Jeremiah 47 – Prophecy against Philistia. The Philistines were an ancient enemy of the Jews. For a little bit of time, David was a refuge in Philistia and would have fought Saul at Mount Gilboa if the Philistine commanders had not sent him back (1 Samuel 29:2-3). This letter was to the Jews and Philistia as a warning. The Philistines were powerful but, like Egypt, were no match for the Babylonian horde. “Behold, waters are going to rise out of the north (Babylonia) And become an overflowing stream And overflow the land and all that is in it, the city and those who live in it. Then the people will cry out, and all the inhabitants of the land [of Philistia] will wail (2). We should never think that “we are the only ones being persecuted” or that G_d only cares about us. The point to the Jews was that even though these people are going down, so are you. When we sin, we are no different than the world though we use the moniker “Christian” (Parallel John 21:20-22). “O you sword of the LORD, How long will it be before you are quiet? Put yourself into your sheath; rest and be still. “How can His sword be quiet When the LORD has given it an order? Against Ashkelon and the [whole Philistine] seashore There He has assigned it (6-7).”

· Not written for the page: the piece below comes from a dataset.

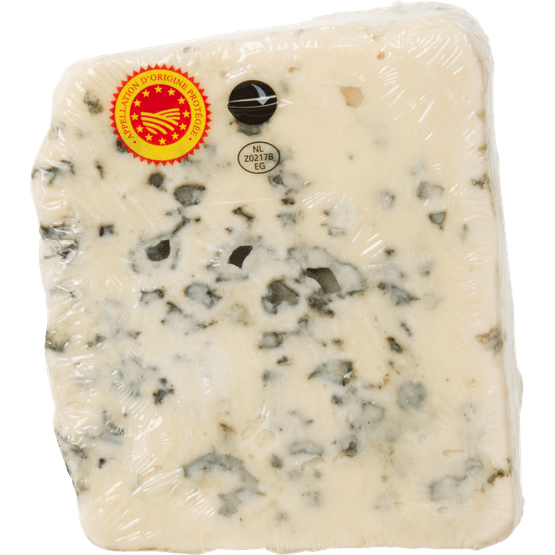 Foto van Melkan Roquefort op witte achtergrond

Acts 23 – Paul before the Council. Paul was called to explain himself before the council of the Sanhedrin for the charges against him. The problem with investigating anything is that the team investigating had better have their lives in order (Proverbs 18:17). Paul turned this argument over by pointing out the religious’ leaders duplicity (3). The next side of the argument was knowing the audience. Paul noticed that the Sadducees had representatives in the Sanhedrin that day. By stating his defense about the resurrection of the dead referring to Jesus, it created a heated conversation between the two groups and the scribes (6-9). Because Paul had managed to derail the trial that would have earned a death sentence, the leaders had to resort to trickery by making a silly vow not to eat anything until Paul was killed. To get Paul away from the Roman guard, a ruse was established to “get a little more information”. Unfortunately, Paul’s sister’s son overheard the conversation and alerted Paul to it. Paul had the boy speak to the commander about it (16-22). Paul was then taken to Caesarea under the cover of darkness for his safety. After reading the letter, he asked which province Paul was from, and when he learned that he was from Cilicia [an imperial province], he said, “I will hear your case when your accusers have arrived,” giving orders that Paul be kept under guard in Herod’s Praetorium (the governor’s official residence) (34-35).